- League: Northern Rugby League
- Teams: 17

1941–42 Season
- Champions: Dewsbury
- Runner-up: Bradford Northern

= 1941–42 Northern Rugby Football League Wartime Emergency League season =

British wartime rugby league season

The 1941–42 Northern Rugby Football Union season was the third season of the rugby league’s Wartime Emergency League necessitated by the Second World War. With fewer clubs than the previous season the Rugby Football League (RFL) decided to amalgamate the two county leagues (Yorkshire and Lancashire) into one joint league. The season started with 18 clubs but finished with 17 after Broughton Rangers withdrew in January 1942. The single division championship was won by Dewsbury, who had finished the season in first position and then defeated Bradford Northern in the play-off final.

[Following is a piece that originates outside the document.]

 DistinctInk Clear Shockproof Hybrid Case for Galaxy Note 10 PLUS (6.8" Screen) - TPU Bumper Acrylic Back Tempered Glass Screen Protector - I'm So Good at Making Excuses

The Challenge Cup was won by Leeds while Bradford Northern won the Yorkshire Cup, the Lancashire Cup was not played.

==Pre-season developments==
The RFL annual general meeting was held on 11 June 1941 and with four clubs confirming that they would not enter the league for 1941–42 and a further five unsure about participating, the RFL indicated that a single division championship would be played. The clubs confirming that they would not be playing were Salford, Warrington (both of whom had withdrawn from the league part way through the previous season), Widnes and Rochdale Hornets (neither of which had entered the previous season). The five unconfirmed teams were Hull Kingston Rovers, Barrow (neither of which had entered the previous season), Leigh, Liverpool Stanley and Broughton Rangers (who had filled the bottom three places in the previous season's Lancashire league).

The Rugby League Council confirmed the decision to have a single league at its meeting at the end of July. By the time of the council meeting on 31 July three of the five undecided teams confirmed that they would not be participating, Hull Kingston Rovers, Barrow and Liverpool Stanley. Broughton Rangers decided to play while Leigh were still undecided. Among the Yorkshire clubs, Hull F.C. and Castleford still had to confirm their places. While Hull and Castleford confirmed their continued entry, the RFL declined Leigh's application. Leigh had vacated their Mather Lane and moved into the ground of Hindsford AFC, the RFL did not consider that the Hindsford ground was good enough for first class matches. Leigh appealed the decision but the appeal was refused as the ground wasn't of the required standard and the club had not submitted their original application until after the fixtures for the season had already been arranged.

The league therefore comprised the 14 teams from Yorkshire who had competed in 1940-41 and four from Lancashire; Broughton Rangers, Wigan, Oldham and St Helens.

In other developments, the RFL announced that players of non-playing clubs were entitled to play for other teams under the guest rules introduced in the first season of the war, without any payment being paid to the parent club. Three representative games were also planned; an international between England and Wales, a Lancashire v Yorkshire game, and a Rugby League XIII against a Services XIII.

==League season==
The season began on 6 September 1941 with a full programme of fixtures.

The early part of the season passed smoothly although in October there were concerns that illegal payments were being made to players to induce them to make guest appearances for other clubs. The most notable of these involved former captain Jim Sullivan who was alleged to have received illegal payments from Dewsbury to play for the Yorkshire club rather than his registered club, Wigan. The investigation found no proof of such payments being made but did censure Sullivan for demanding more than the 25s maximum match fee from Wigan.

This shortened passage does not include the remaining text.